_ABOUT THIS TASK_. Take nothing but the lines from the one with "Polisi Buru Pemasok..." through the one with "6518 White Heron Crescent Photo 35" in the entries below, both ends kept, and return them exactly with pictures left out.

_DATA_.
==========
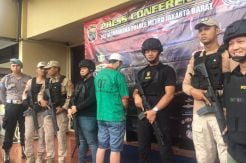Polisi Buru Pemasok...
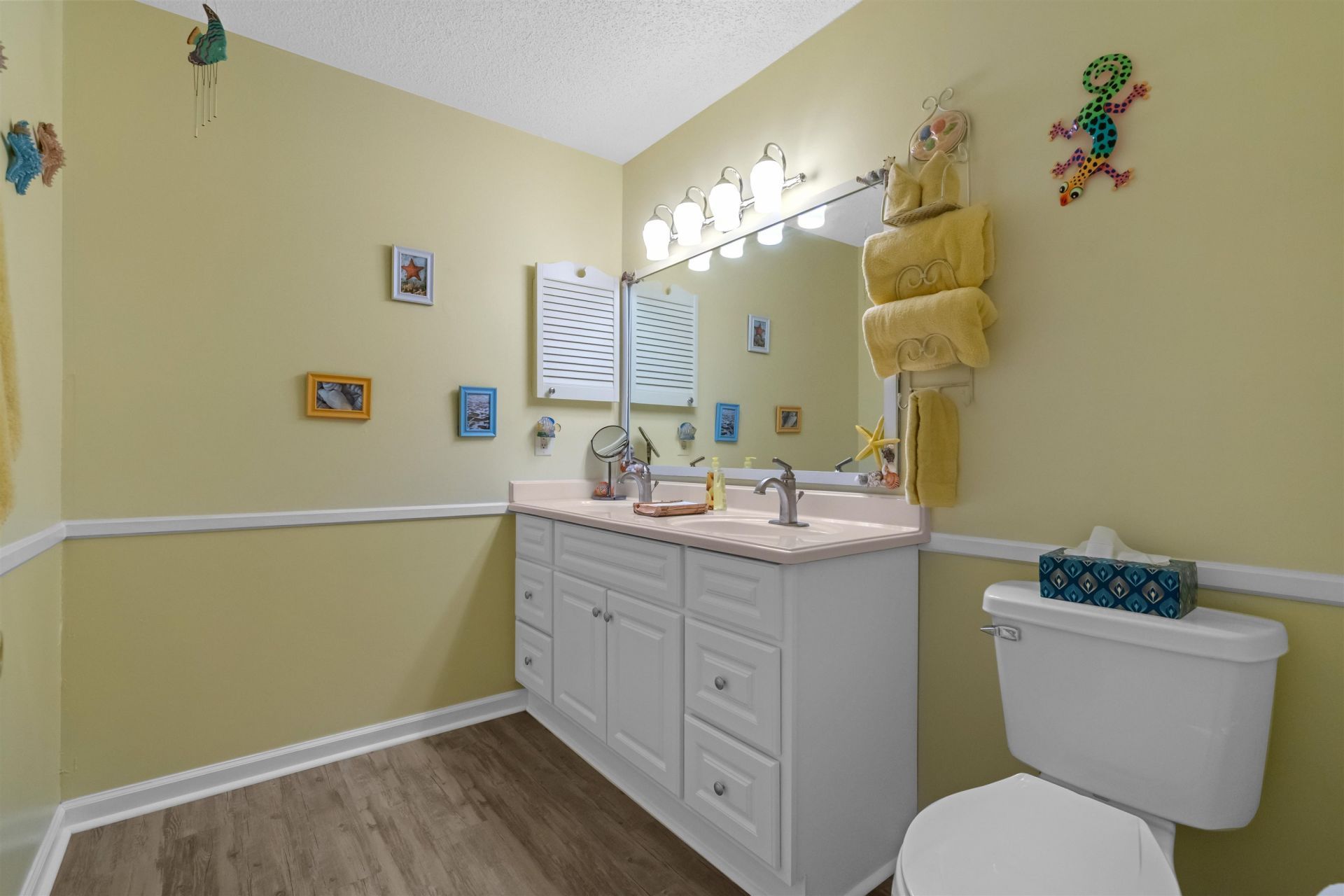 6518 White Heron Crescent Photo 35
==========
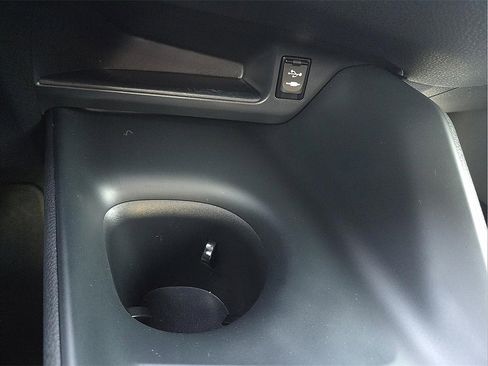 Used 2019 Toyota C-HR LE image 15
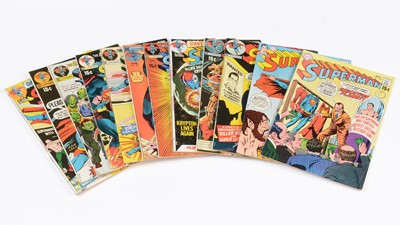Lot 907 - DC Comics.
==========
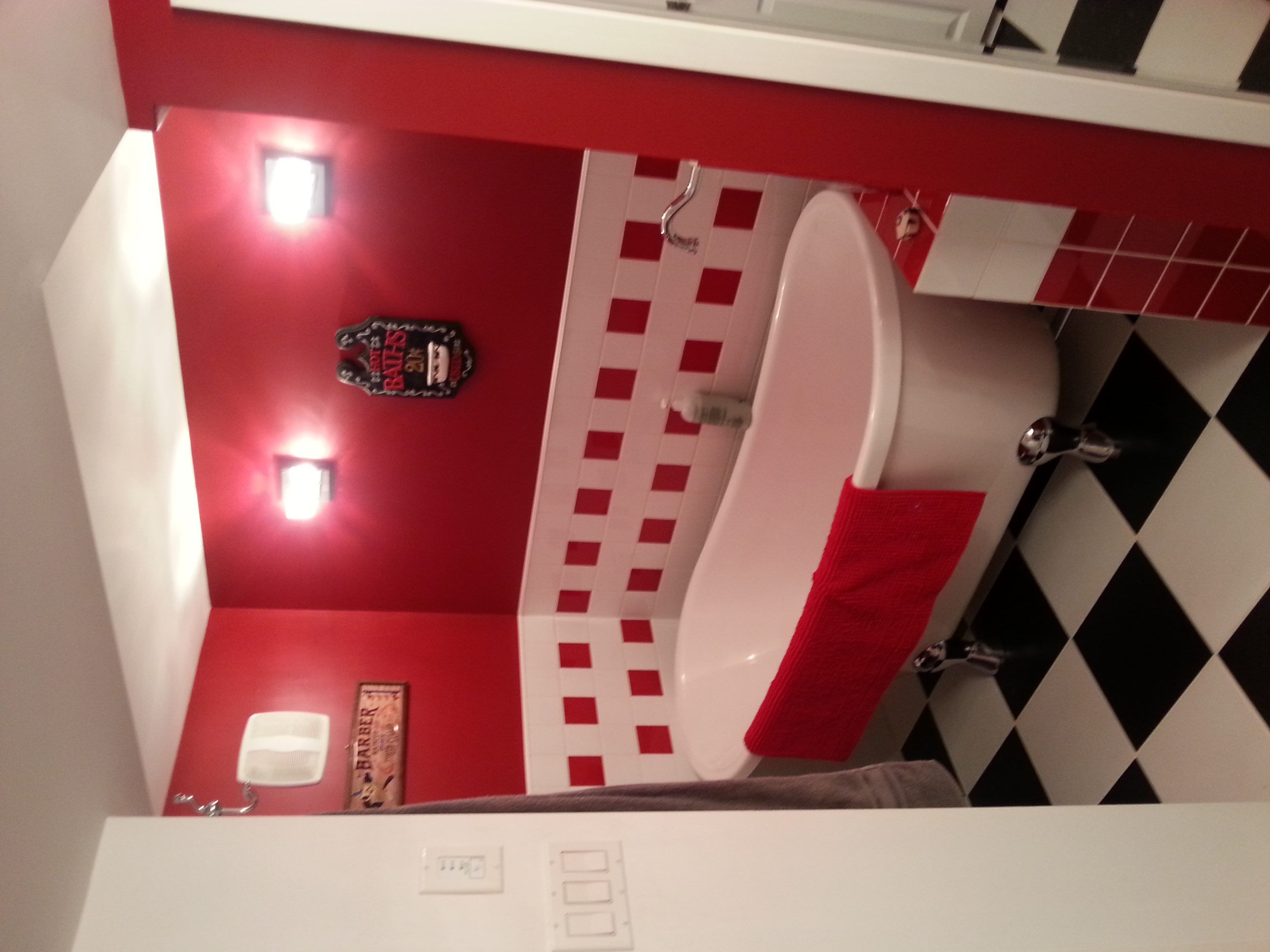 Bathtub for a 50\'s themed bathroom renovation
==========
_SOLUTION TO THE EXERCISE_.
Polisi Buru Pemasok...
 6518 White Heron Crescent Photo 35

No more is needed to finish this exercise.